They also seem to assume an entire history that isn’t mine (usually of someone who never talked and then started using FC and then started typing independently), and then if I correct them they want the entire complex speech history explained in detail. Even if I’m way too tired to do it justice. (And if I’m too tired to do it justice, then I have to gloss over and oversimplify things in ways that they blame me for later when they find out that it was a glossed-over oversimplification.) And even if my life story isn’t really anyone’s business.

They also seem to assume that I am vastly, vastly different from people who speak better than I do (or have enough tricks set up to look like they speak well even if they’re just muttering a word now and then to people). Zilari and I have a lot in common even in terms of speech and communication history, but I bet people would put us in two totally distinct categories because we branched off in slightly different directions at one point with regard to the prioritizing of speech vs. writing in our brains.

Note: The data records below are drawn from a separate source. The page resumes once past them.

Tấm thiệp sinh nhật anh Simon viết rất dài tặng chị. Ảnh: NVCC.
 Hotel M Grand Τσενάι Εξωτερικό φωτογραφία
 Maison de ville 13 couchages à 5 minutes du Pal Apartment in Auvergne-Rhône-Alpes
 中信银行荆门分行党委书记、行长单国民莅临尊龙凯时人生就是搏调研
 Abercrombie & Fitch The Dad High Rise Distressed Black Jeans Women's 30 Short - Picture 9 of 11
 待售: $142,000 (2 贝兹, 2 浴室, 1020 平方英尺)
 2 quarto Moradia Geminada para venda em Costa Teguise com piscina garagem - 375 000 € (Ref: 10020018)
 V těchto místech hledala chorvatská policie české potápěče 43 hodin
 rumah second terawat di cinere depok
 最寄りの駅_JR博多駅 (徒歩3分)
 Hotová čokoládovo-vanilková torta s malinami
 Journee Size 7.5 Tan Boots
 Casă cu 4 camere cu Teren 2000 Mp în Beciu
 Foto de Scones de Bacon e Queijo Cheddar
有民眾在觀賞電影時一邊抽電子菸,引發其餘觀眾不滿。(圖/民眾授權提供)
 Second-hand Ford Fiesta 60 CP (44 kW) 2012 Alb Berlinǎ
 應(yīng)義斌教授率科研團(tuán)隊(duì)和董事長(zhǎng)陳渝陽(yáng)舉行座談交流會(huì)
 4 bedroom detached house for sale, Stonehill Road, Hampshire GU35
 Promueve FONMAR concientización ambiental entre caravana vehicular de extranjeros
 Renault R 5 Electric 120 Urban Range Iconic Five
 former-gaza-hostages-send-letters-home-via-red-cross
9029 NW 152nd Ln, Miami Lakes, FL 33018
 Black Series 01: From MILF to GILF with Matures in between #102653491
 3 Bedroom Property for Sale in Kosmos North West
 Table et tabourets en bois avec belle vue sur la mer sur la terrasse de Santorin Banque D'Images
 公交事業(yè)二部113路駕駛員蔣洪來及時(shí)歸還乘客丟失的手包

Here is a big part of why I don’t understand or believe the whole thing about speech meaning you’re better at doing things:

If I were to speak, here is what my life would be like:

I would every few hours hit a level of shutdown that I now normally only experience during stressful trips to conferences and other unfamiliar and busy locations. I would freeze in place far more often than I do now. My mind would be filled with a constant painful buzzing haze that I could not get to go away no matter what I did. This would affect my ability to understand and react to my environment in an efficient (for me) way. I would be totally incapable of learning to do many of the things I have learned recently, and even if I learned them, I would be unable to perform them. I would not be baking orange bow knot rolls for fun, I would not be baking anything at all, I would in fact be routinely struggling with the physical act of getting food into my mouth. I would throw loud screaming fits on a regular basis (something I’ve managed to stop for the most part), I would still head-bang to the degree I used to (once per second for hours, rather than the occasional thing it is today), I would possibly even do violent things (something that is all but gone). I would walk into walls, walk into the street, and all those sorts of things, far more often. I would fail to notice many key aspects of what was around me.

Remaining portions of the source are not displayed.